← Back to context

Comment by oorza

1 year ago

That's the question I was trying to answer. I don't think we can quantify or qualify what higher consciousness actually is, but my hypothesis is the perception of time as non-linear is what leads to it, similar how the perception of communication gave rise to Keller's self awareness.

You can “perceive” time as non-linear all you want, but at the end of the day every effect we’ve found has a temporally-preceding cause.

The “higher consciousness” that we experience thanks to language is probably similar to how—for example—autistic savants can perform astonishing feats of mental math. You’re probably better off trying to understand their thought process and replicate it in a more neurotypical brain than you are trying to figure out how to think in terms of non-linear time in a linear-time reality.

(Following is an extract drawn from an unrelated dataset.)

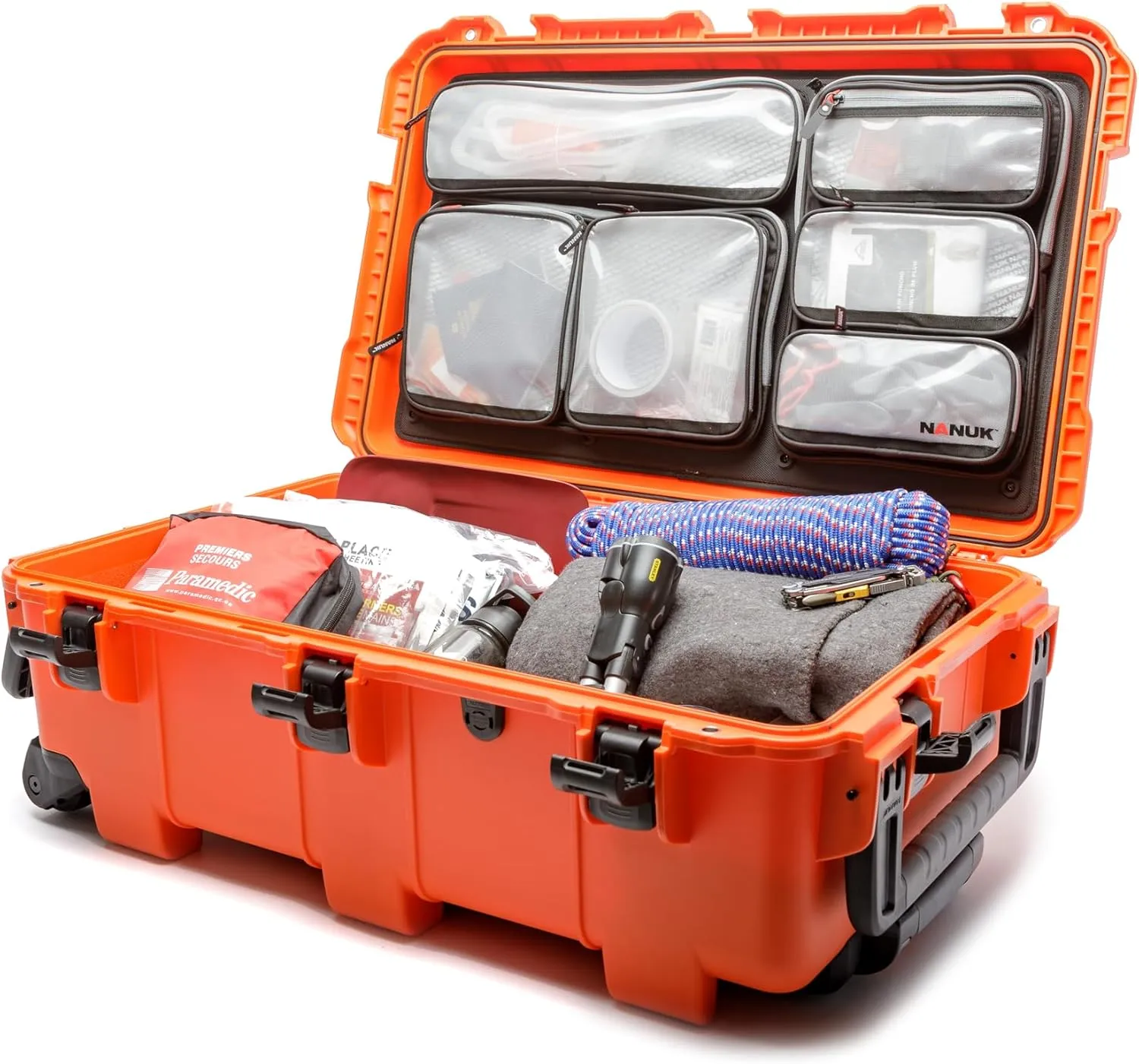 Nanuk 962 Survival Gear Storage Case w/Wheels and Lid Organizer-for Preppers, Survivalist, First Aid and Emergencies - Waterproof, Dustproof, and Impact Resistant-Empty (Orange)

  • Linear can mean two things though: cause-and-effect reality, which, sure seems to be the case. But also - uniform dilation of the experience of time. Which, arguably, we already play with day to day in many subtle ways, and in every conversation/writing/movie/fiction as we distill the thoughts and experiences of others from vastly larger times to our own understanding in the present. We even experience this ebb and flow dilation of the meaningful experience of time as we daydream, work, rest, and sleep - time is rarely experienced with equal attention to every second. It's a dance through the day. And there certainly seem to be (chemical, or meditative) ways to consciously tinker with that effect, or to be more or less skilled with it.